Anne Midgette has a profile in today's New York Times of James Tenney, whom she describes rather aptly as the "Zelig" of American contemporary music for his uncanny ability to be involved in many of the most important musical events of the past 40 years without attracting much attention to himself. As we noted here in our little profile last week, pianist Jenny Lin organized two concerts of Tenney's music in New York this week; the first is tonight at 8 p.m. at the Project Room, 619 East Sixth Street, East Village. The second is Wednesday at 8 p.m. at the Whitney Museum of American Art at Altria, 120 Park Avenue, at 42nd Street.

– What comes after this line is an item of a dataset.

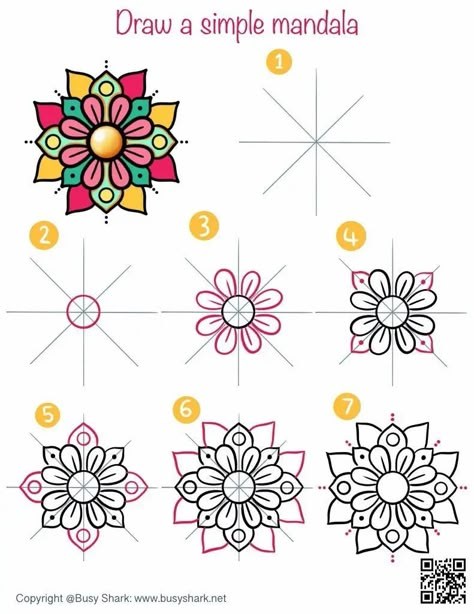 Simple Pattern Design To Draw, How To Draw Mandalas Step By Step, Simple Mandalas To Draw, Easy Simple Mandala Drawing, How To Draw A Mandala Step By Step Easy, Simple Mandala Patterns For Beginners, How To Start Mandala Drawing, Diy Mandala Drawing, Mandala Doodle Easy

I asked Jenny why she decided to put together the Tenney programs and here's what she said:
"I believe James Tenney to be one of the most significant composers of our time. Just look at his music, his writings, and his history. And look at his influences, his teachers, and his peers - Varese, Cage, Ruggles, Brakhage, Reich... the list goes on. I first came across Tenney when researching for my Ruth Crawford Seeger CD (his Diaphonic Toccata for Violin and Piano is dedicated to Crawford Seeger). Then I discovered his connection to New York and was shocked that there has not been any substantial presentation of his work in the city in the last 10 years. I knew I had to do something. I knew it was very important to bring his music back to New York. I began to reach out to people for help. There was a lot of enthusiasm and support but little action. So I took on the project on my own for a while. When the curator for Whitney's Performance on 42nd Series agreed to host a concert, people started to approach me instead. So now, after one year, things finally materialized - just in time for Tenney's 70th year."